BACKGROUND: Cognitive impairment associated with schizophrenia (CIAS) is highly burdensome and the severity of such symptoms can impact the burden of care. The chronic nature of schizophrenia incurs substantial burden to the caregiver - whether family or professional (social workers, case manager etc) - from the shift of burden of care from inpatient hospital services, with four main areas of burden being identified in the literature: daily “hassles”, and financial, emotional, and physical burden. Recent guidance/standards, including clinical, Health Technology Assessment (HTA e.g., NICE), are beginning to recognize the value of evidence demonstrating the alleviation of carer provision for patients with a medical condition (e.g., for decision making), particularly those with neurological and psychiatric conditions that arguably impose the greatest burden on caregivers. However, existing research focuses mostly on primary (i.e., family) caregivers as opposed to secondary caregivers (i.e., professionally trained). The present study therefore aimed to provide a preliminary overview of objective caregiver burden experiences (defined in the literature as the effects on the caregiver in respect of daily tasks) from CIAS symptoms among both primary (family, informal) and secondary (professional, formal) caregivers.
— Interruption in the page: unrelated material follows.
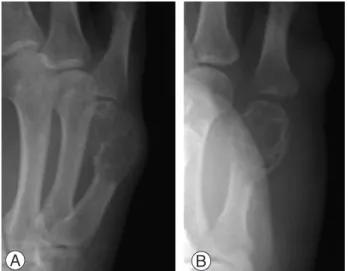 Fig. 1. Preoperative plain X-rays of right 5th metacarpal. 2.5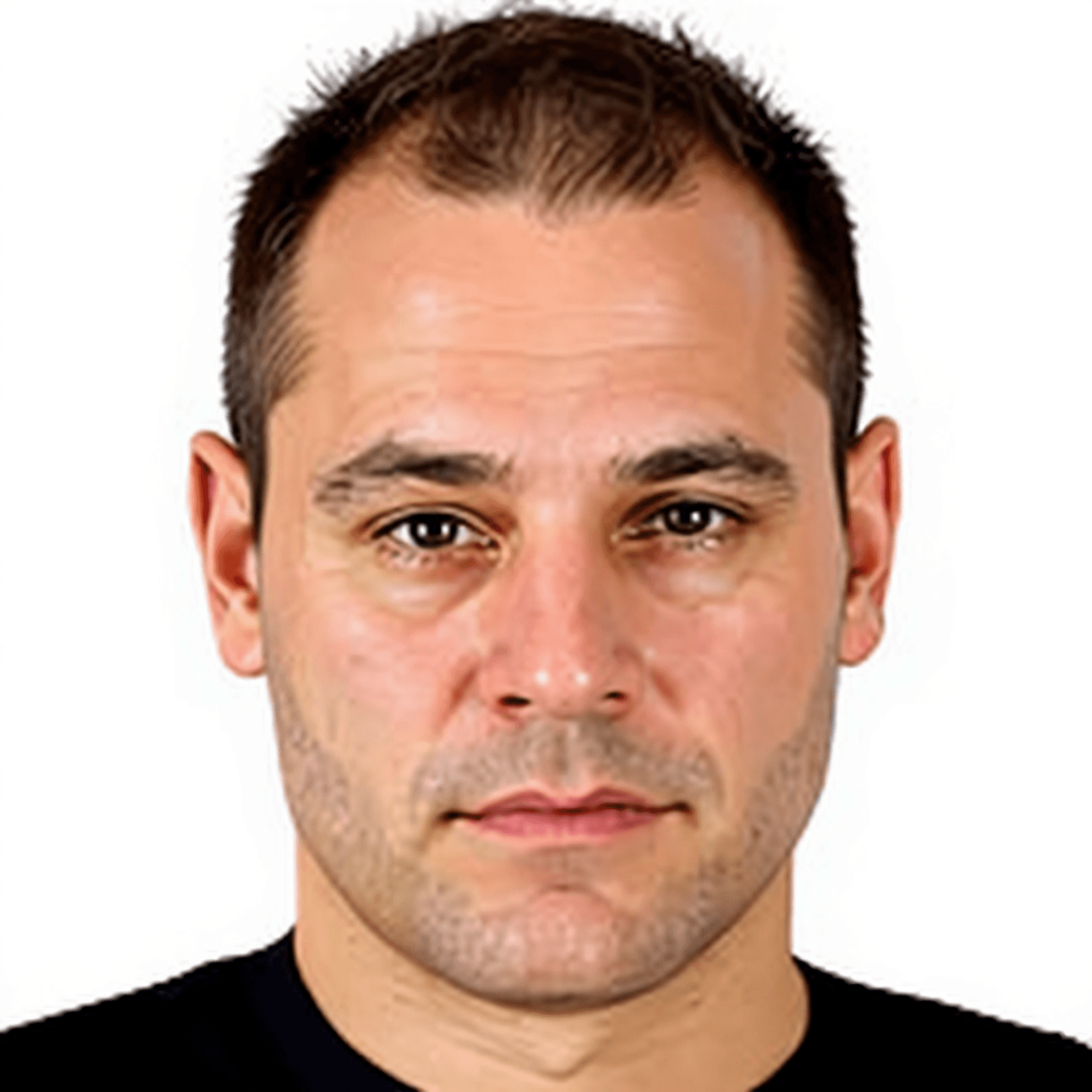LeBron James Hairline: The Celebrity Hairline Case Study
METHODS: In a COA content validation interview study, a question asking about the caregivers’ experiences of the cognitive functioning issues they had observed in the patient, elicited spontaneous data pertaining caregiver’s experience of burden. Subsequently, a secondary, qualitative, inductive thematic analysis was conducted on this burden-focused data.
RESULTS: Findings revealed two overarching themes: 1. Caregiver difficulty (Subthemes: Hard to continue care, Hard to improve their quality of life, Constant additional and extra work[load], Hard to teach/unable to learn, Difficult to communicate with patient, and Blame [in the firing line]), and 2. Caregiver necessity (Subthemes: ‘Without my care they wouldn’t get things done’, and Financial budgeting – reminders and remedials). Our analysis demonstrates both caregiving difficulty and necessity to be high across the dataset and irrespective of whether a primary or secondary caregiver was interviewed.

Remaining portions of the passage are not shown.